Top of Given information
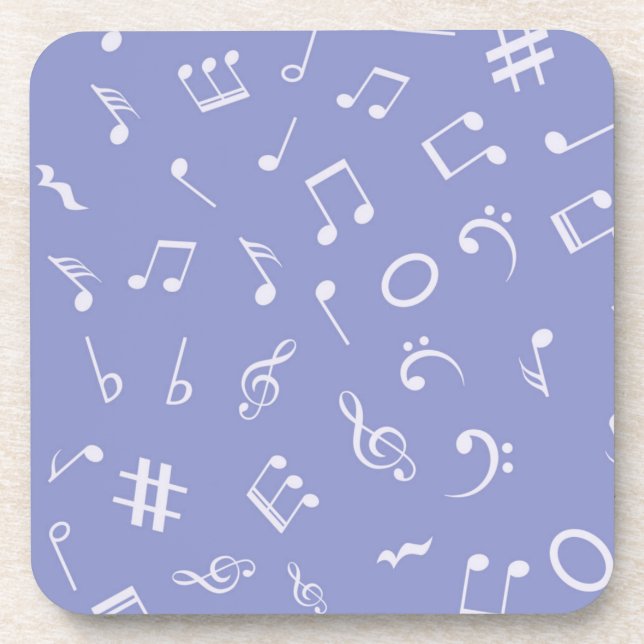 Music notes pattern coaster (Front)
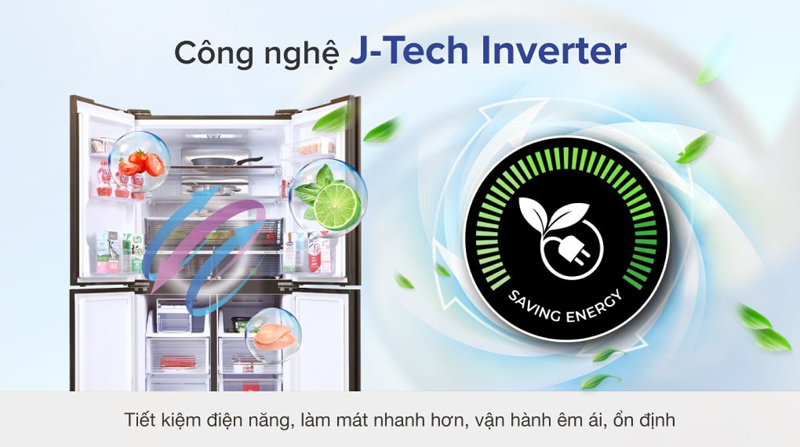 Tủ lạnh Sharp inverter SJ-FXP600VG-BK - Hàng chính hãng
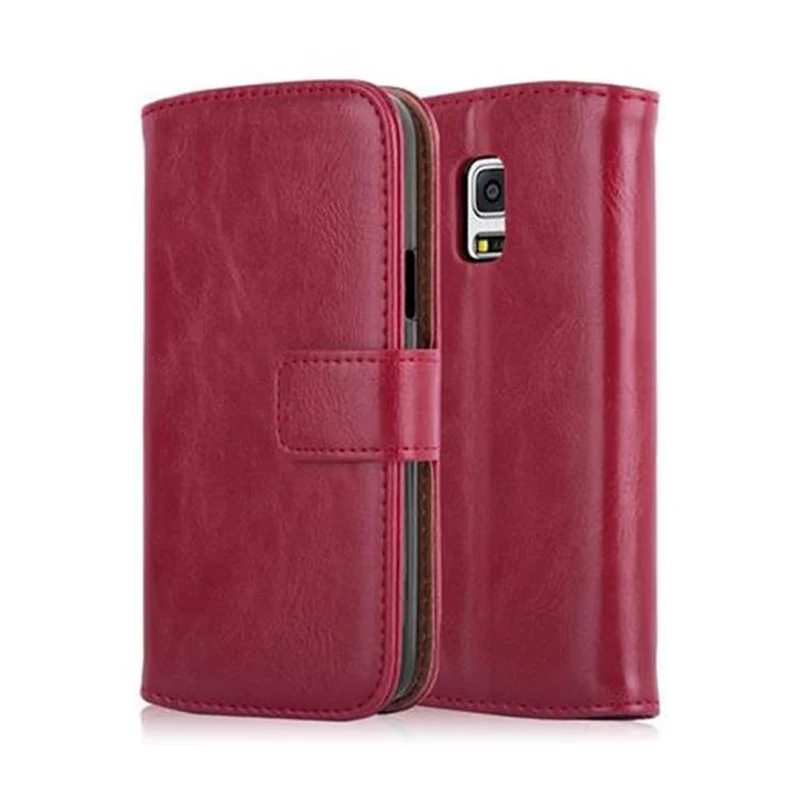 Cadorabo Hülle kompatibel mit Samsung Galaxy S5 MINI / S5 MINI DUOS Schutzhülle mit Magnetverschluss, Standfunktion und Kartenfach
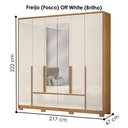 Ver imagem 4 de Guarda Roupa Casal Denver 6 Portas de Bater 4 Gavetas MDP Freijo Off White Moval Móveis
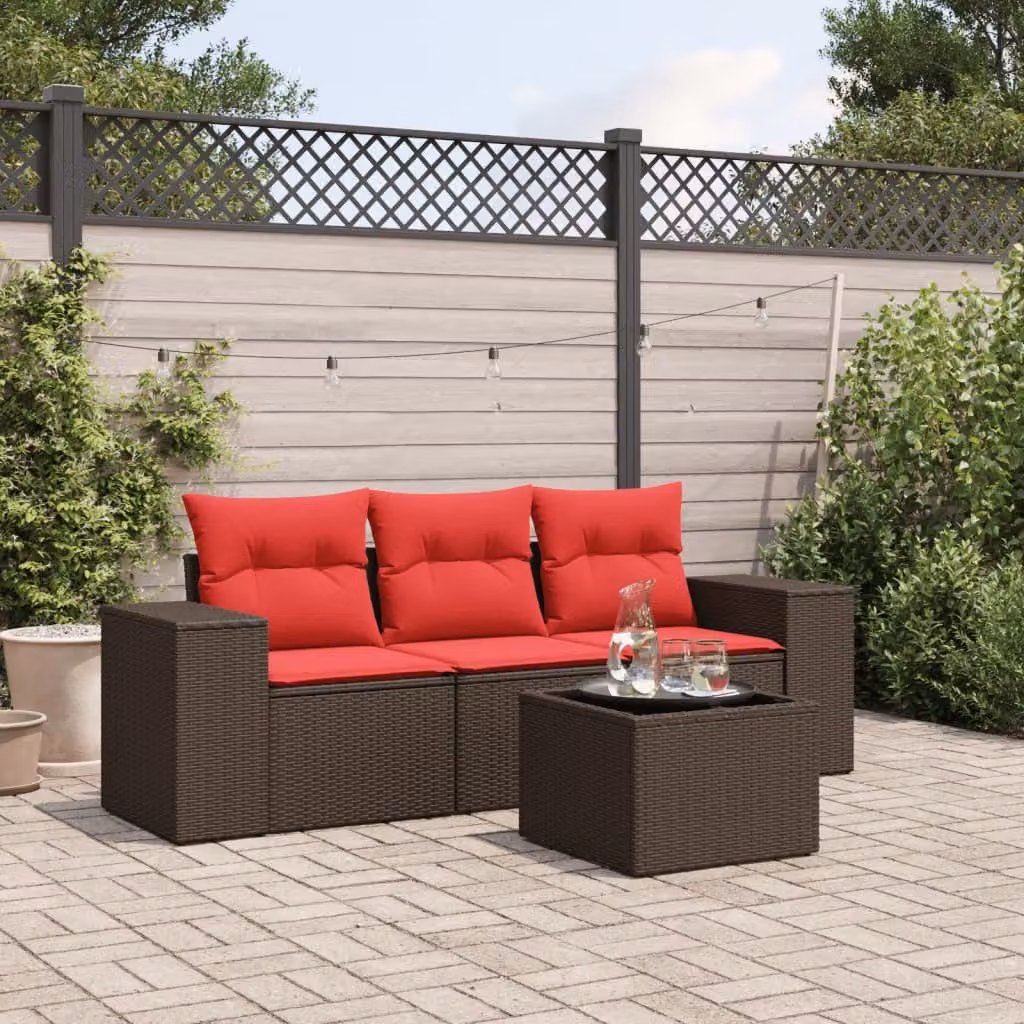Set da giardino vidaXL composto da 4 pezzi in polyrattan marrone con cuscini imbottiti e tavolino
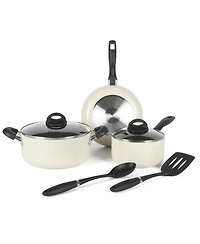 Oster Clairorne 7 Piece Aluminum Premium Nonstick Pots and Pans Cookware Set W/ Induction & Bakelte Stay Cool Handle - White W/ Speckle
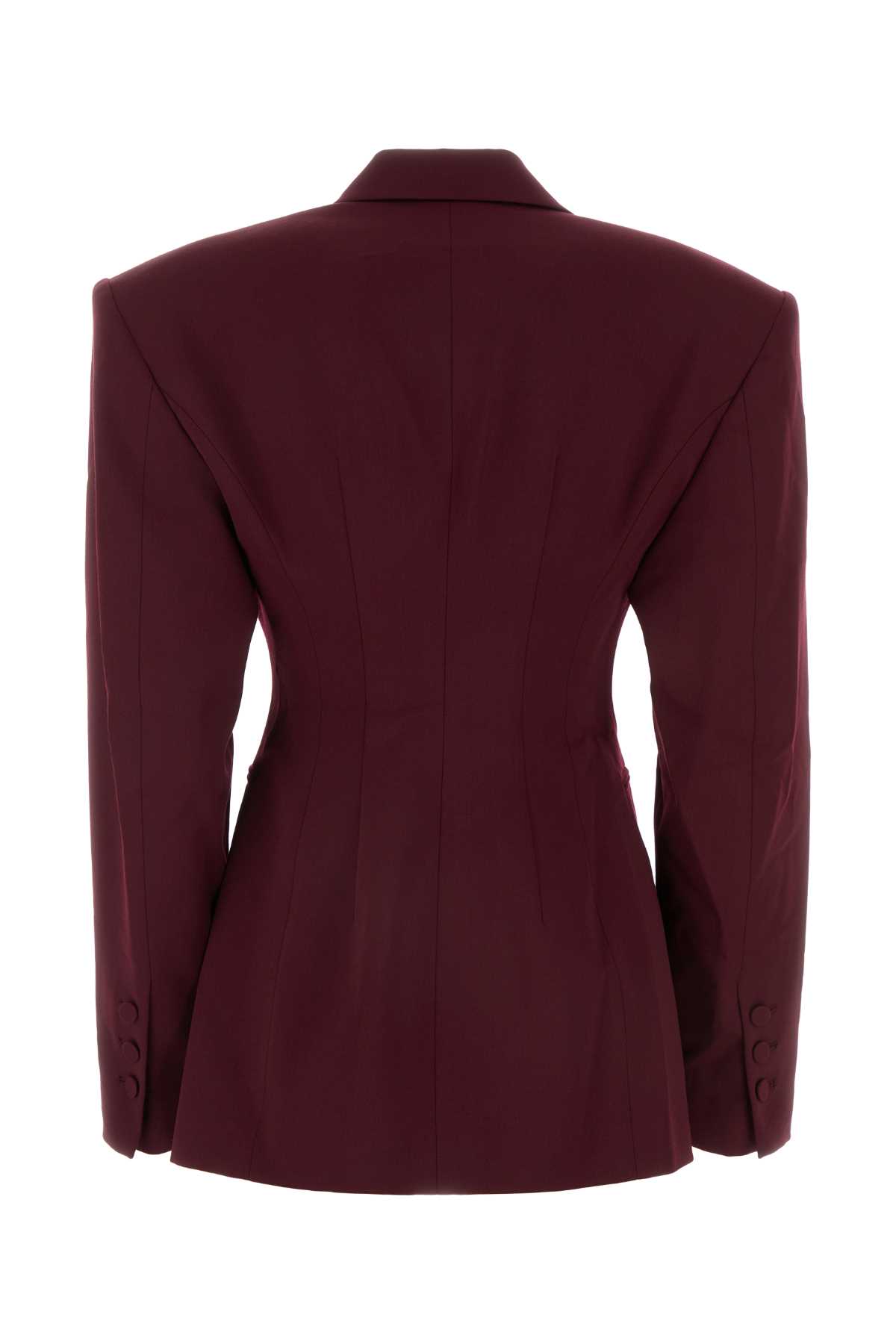 Shop The Andamane Burgundy Stretch Polyester Blend Ottavia Blazer In Cabernet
Bottom of Given information
- [The task]: Leave out the pictures and output every record above precisely as given.

- [Solution for this task]:
 Music notes pattern coaster (Front)
 Tủ lạnh Sharp inverter SJ-FXP600VG-BK - Hàng chính hãng
 Cadorabo Hülle kompatibel mit Samsung Galaxy S5 MINI / S5 MINI DUOS Schutzhülle mit Magnetverschluss, Standfunktion und Kartenfach
 Ver imagem 4 de Guarda Roupa Casal Denver 6 Portas de Bater 4 Gavetas MDP Freijo Off White Moval Móveis
Set da giardino vidaXL composto da 4 pezzi in polyrattan marrone con cuscini imbottiti e tavolino
 Oster Clairorne 7 Piece Aluminum Premium Nonstick Pots and Pans Cookware Set W/ Induction & Bakelte Stay Cool Handle - White W/ Speckle
 Shop The Andamane Burgundy Stretch Polyester Blend Ottavia Blazer In Cabernet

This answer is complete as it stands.